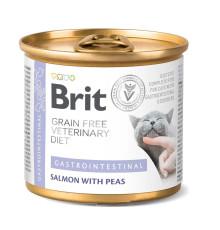 Brit VD Gastrointestinal Cat Cans для кошек с лососем и горохом 200 г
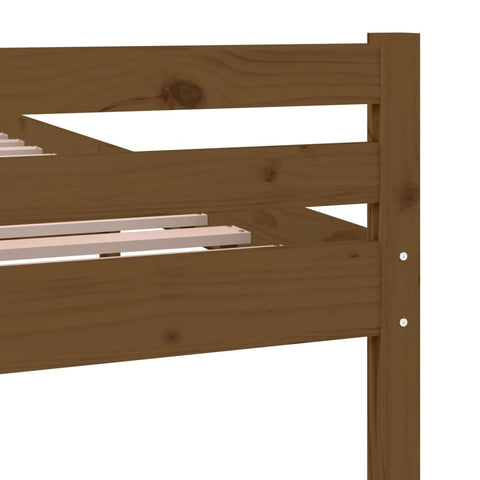 vidaXL Bed Frame without Mattress Honey Brown Solid Wood 150x200 cm King Size
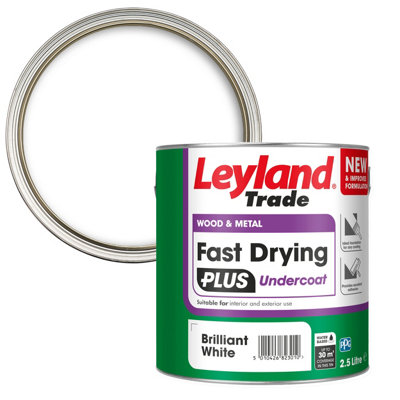 Leyland Trade Fast Dry Plus Brilliant White Metal & Wood Undercoat, 2.5L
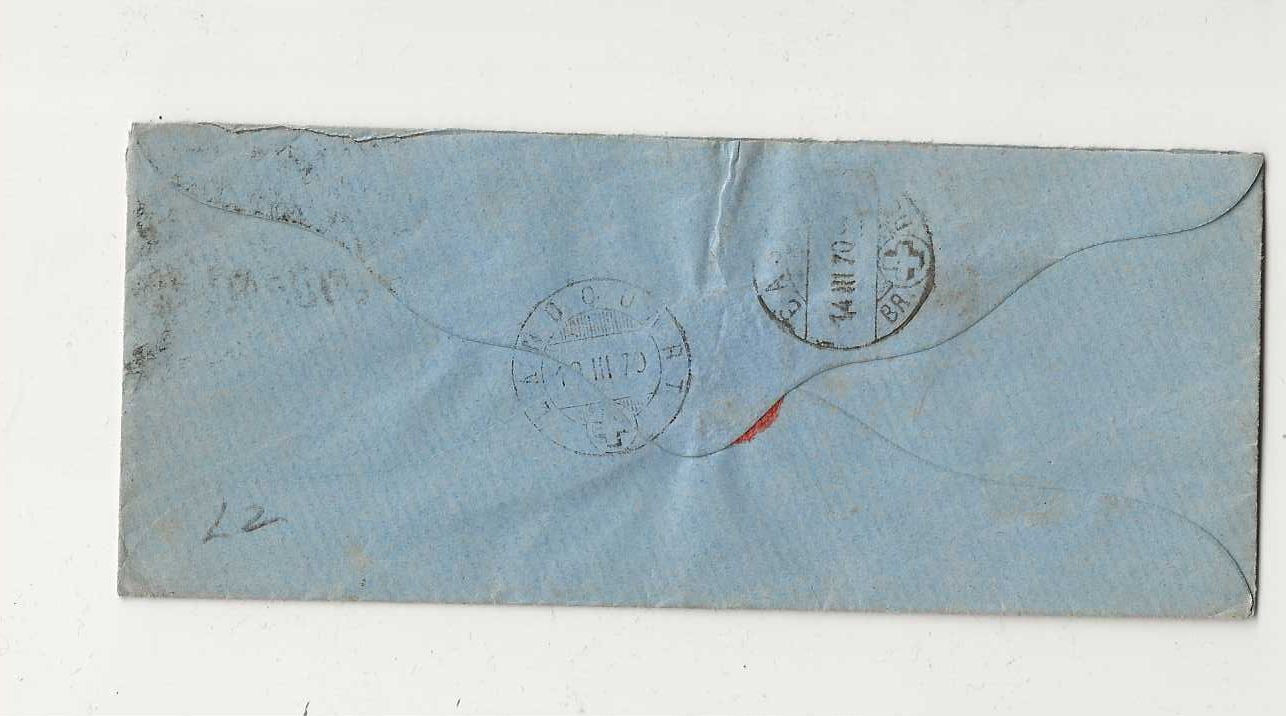 Alle Briefmarken: Davos-Glaris, 1870 – Gebraucht aus Spiez von Niesen20 1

------------------------------------------------

▶ [Work instructions]
Recopy the whole listing above precisely, excluding images.

▶ [Your solution]
 Brit VD Gastrointestinal Cat Cans для кошек с лососем и горохом 200 г
 vidaXL Bed Frame without Mattress Honey Brown Solid Wood 150x200 cm King Size
 Leyland Trade Fast Dry Plus Brilliant White Metal & Wood Undercoat, 2.5L
 Alle Briefmarken: Davos-Glaris, 1870 – Gebraucht aus Spiez von Niesen20 1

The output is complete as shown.